Health & Medical Rheumatoid Arthritis

Churg-Strauss or MS?

Churg-Strauss or MS?
Hello. I am Dr. Jonathan Kay, Professor of Medicine and Director of Clinical Research at University of Massachusetts Memorial Medical Center and the University of Massachusetts Medical School, both in Worcester, Massachusetts. Welcome to my Medscape blog.

Today I would like to share with you an interesting case that presented to my practice 2 years ago. A 30-year-old woman developed right-sided weakness and optic neuritis and was diagnosed with relapsing-remitting multiple sclerosis. She was treated with corticosteroids and natalizumab with improvement in her neurologic symptoms. However, she developed low-grade fevers, sinus pain, and wheezing and was diagnosed with an upper respiratory tract infection.

She was treated with antibiotics, but her symptoms did not improve. Natalizumab was then discontinued with the thought that this might be contributing to her symptoms, but her symptoms persisted and she was started on montelukast for asthma. Despite montelukast therapy, or perhaps as a result of montelukast therapy, her low-grade fevers continued. She was found to have a white blood cell count of 9800/µL with 11% eosinophils. Her C-reactive protein was elevated to 12.8 mg/L.

She was evaluated by rheumatologists and the question of Churg-Strauss syndrome was raised, but she did not have enough features at that time to make the diagnosis. When I first saw her, she had low-grade fevers, sinus pain, wheezing, small nodules on CT scanning of her chest, and an erythematous nodule on her right forearm. The biopsy of this nodule showed granulomatous vasculitis with eosinophils. A diagnosis of Churg-Strauss syndrome could be made at this point.

We treated her initially with prednisone, 80 mg taken by mouth daily, and then tapered the prednisone dose to 60 mg taken by mouth daily. However, she did not tolerate this and developed glucose intolerance and significant weight gain. We tried using methotrexate at doses of up to 25 mg taken orally weekly, but this did not control her symptoms either. She was tried on azathioprine but developed azathioprine hypersensitivity syndrome with leukocytosis, elevated liver function studies, fevers, and hypotension, all of which resolved upon discontinuation of azathioprine therapy.

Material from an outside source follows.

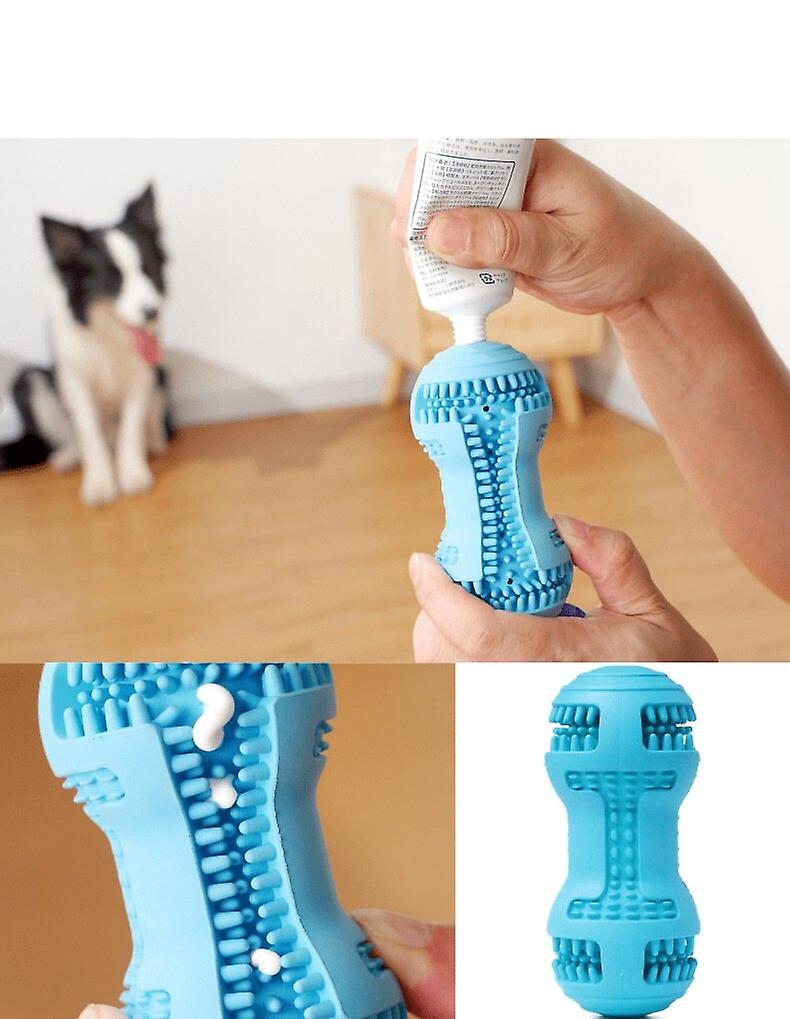 Dog chewing toy Trixie Polyester Natural rubber 38 cm main image 1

We then treated her with pulse methylprednisolone for exacerbations of her neurologic disease and also with cyclophosphamide, initially at 2 mg/kg orally, and then pulse intravenous cyclophosphamide, 500 mg/mmonthly. Despite all of these treatments, her symptoms persisted and her neurologic symptoms worsened. We evaluated her in the hospital, and she was found to have recurrent eosinophilia in addition to low-grade fever, so at this point we treated her with a course of rituximab at the lymphoma doses of 375 mg/m intravenously, weekly for 4 doses.

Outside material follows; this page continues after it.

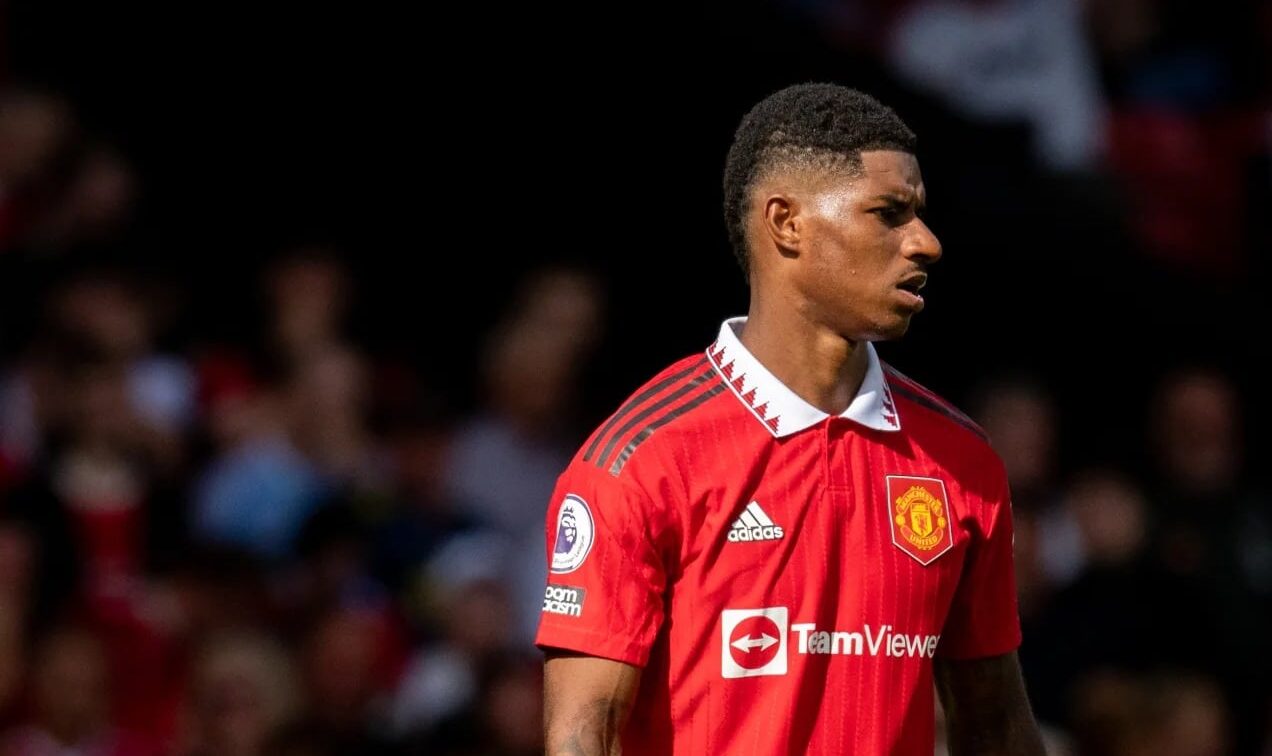 بطلها راشفورد – صفقة تبادلية محتملة بين برشلونة ومانشستر يونايتد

Her symptoms improved for a while, but she had several exacerbations of neurologic symptoms, and we ultimately decided to treat her with the combination of intravenous cyclophosphamide and rituximab, being fully aware that she was at increased risk for progressive multifocal leukoencephalopathy. In spite of this devastating illness, this courageous young woman has continued a vibrant professional career as a singer and has had many professional accomplishments during the course of an illness that would have incapacitated many individuals.

This case highlights the overlap between Churg-Strauss syndrome and multiple sclerosis, and it points out that autoimmune diseases evaluated by different professionals -- in this case neurologists and rheumatologists -- may actually be part of the same syndrome. Fortunately, multiple sclerosis and Churg-Strauss syndrome share many therapeutic approaches, so this patient benefited from the combined therapeutic interventions of neurologists and rheumatologists.

I hope that this case has been interesting and instructive, and I welcome your comments and look forward to seeing you again on my Medscape blog.